What is required :: Using the data that follows, output only the lines from the line with "HMA0A-1KAMA | Дверь" up to and including the line with "CRAGGY Trinkbecher - 23", exactly, leaving pictures aside.

Dataset records ::
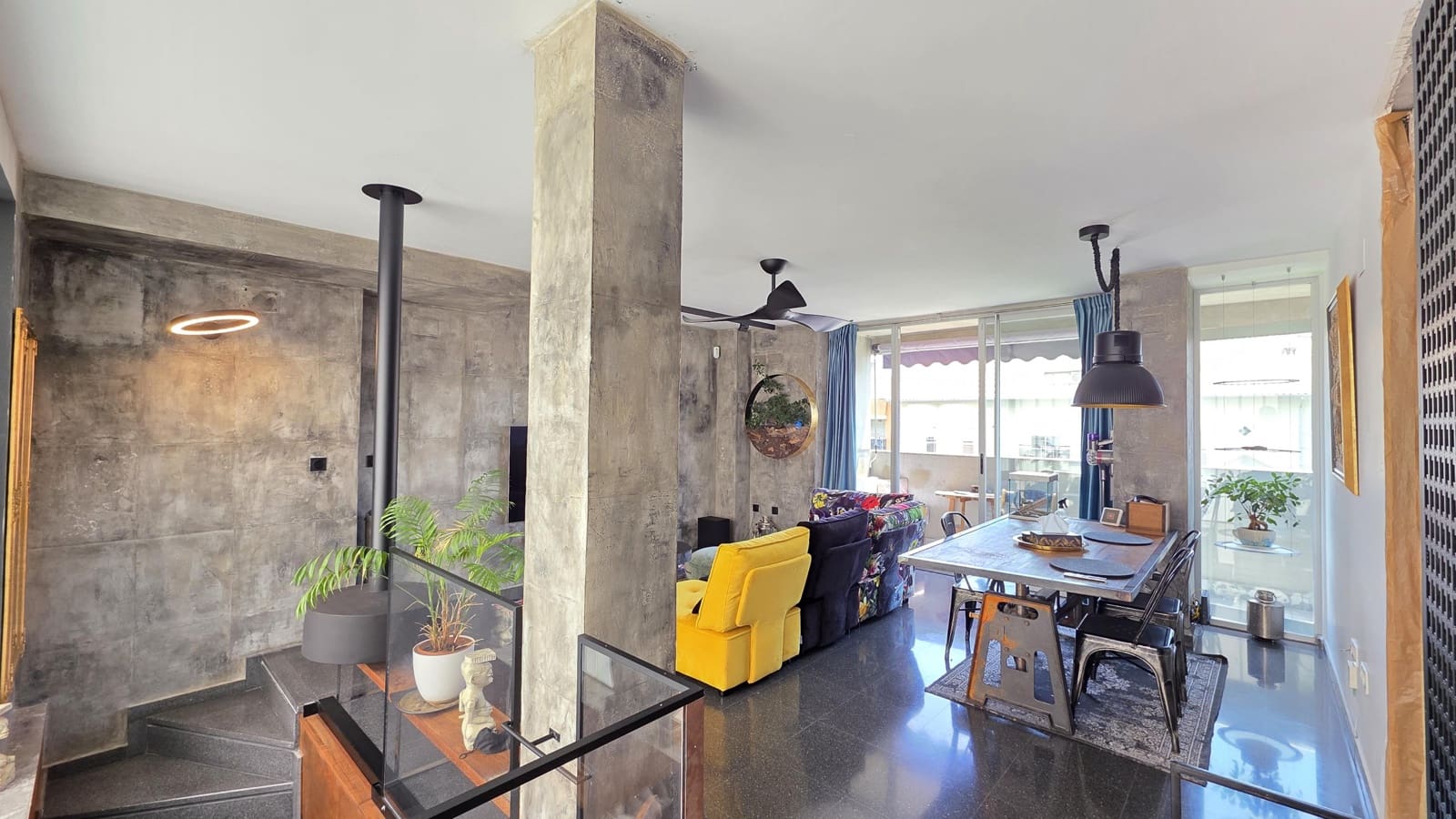 3 bedroom Apartment for sale in Gandia with garage - € 249,000 (Ref: 9881914)
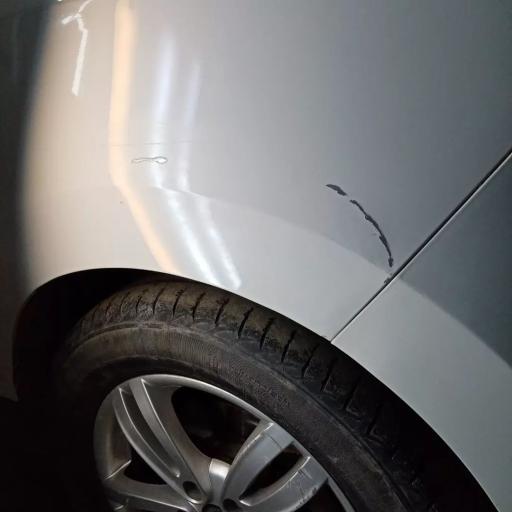 عکس صافکاری بدون رنگ علیرضا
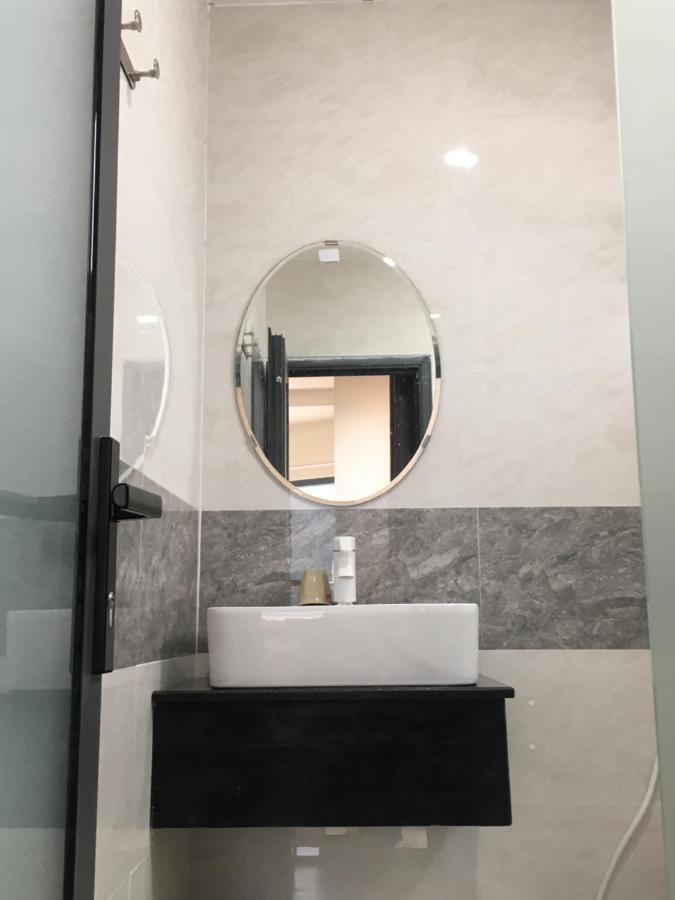 Hotel Thien Hai Quy Nhơn Ngoại thất bức ảnh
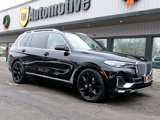 Used 2022 BMW X7 xDrive40i w/ Premium Package image 2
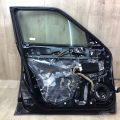 HMA0A-1KAMA | Дверь передняя левая NISSAN JUKE 10-19 - Превью 10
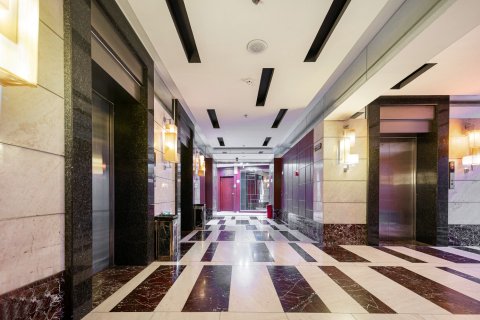 怡乐酒店公寓(重庆解放碑洪崖洞店)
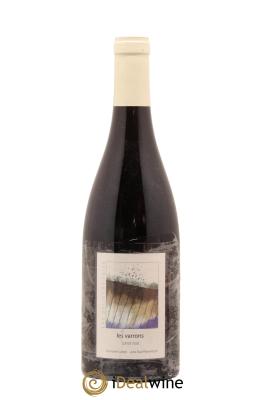 Côtes du Jura Pinot Noir Les Varrons Labet (Domaine)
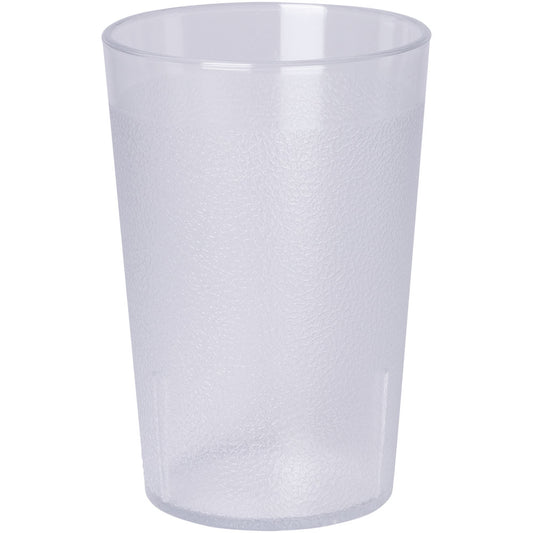 CRAGGY Trinkbecher - 23 cl - (Ø 6,7 x 10 cm) - SAN - Klar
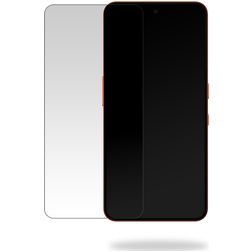 Mobilize Nothing Phone (2) Pro Cristal templado Protector de pantalla - Compatible con fundas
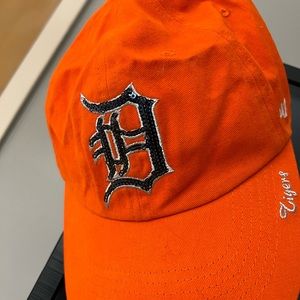 Detroit Tigers Hat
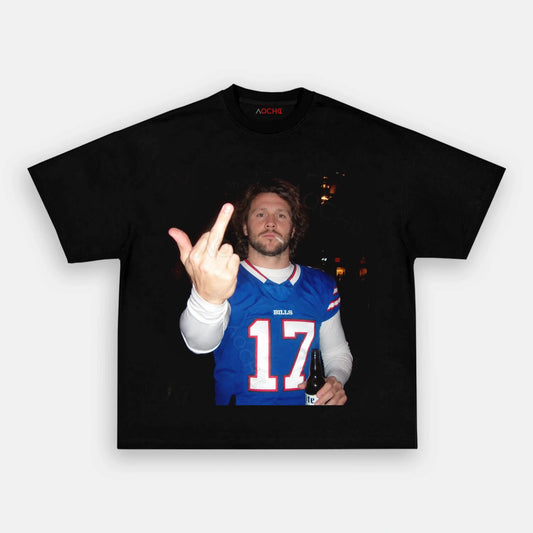 JA17 After Hours Tee - AQCHIC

Exercise solution ::
 HMA0A-1KAMA | Дверь передняя левая NISSAN JUKE 10-19 - Превью 10
 怡乐酒店公寓(重庆解放碑洪崖洞店)
 Côtes du Jura Pinot Noir Les Varrons Labet (Domaine)
 CRAGGY Trinkbecher - 23 cl - (Ø 6,7 x 10 cm) - SAN - Klar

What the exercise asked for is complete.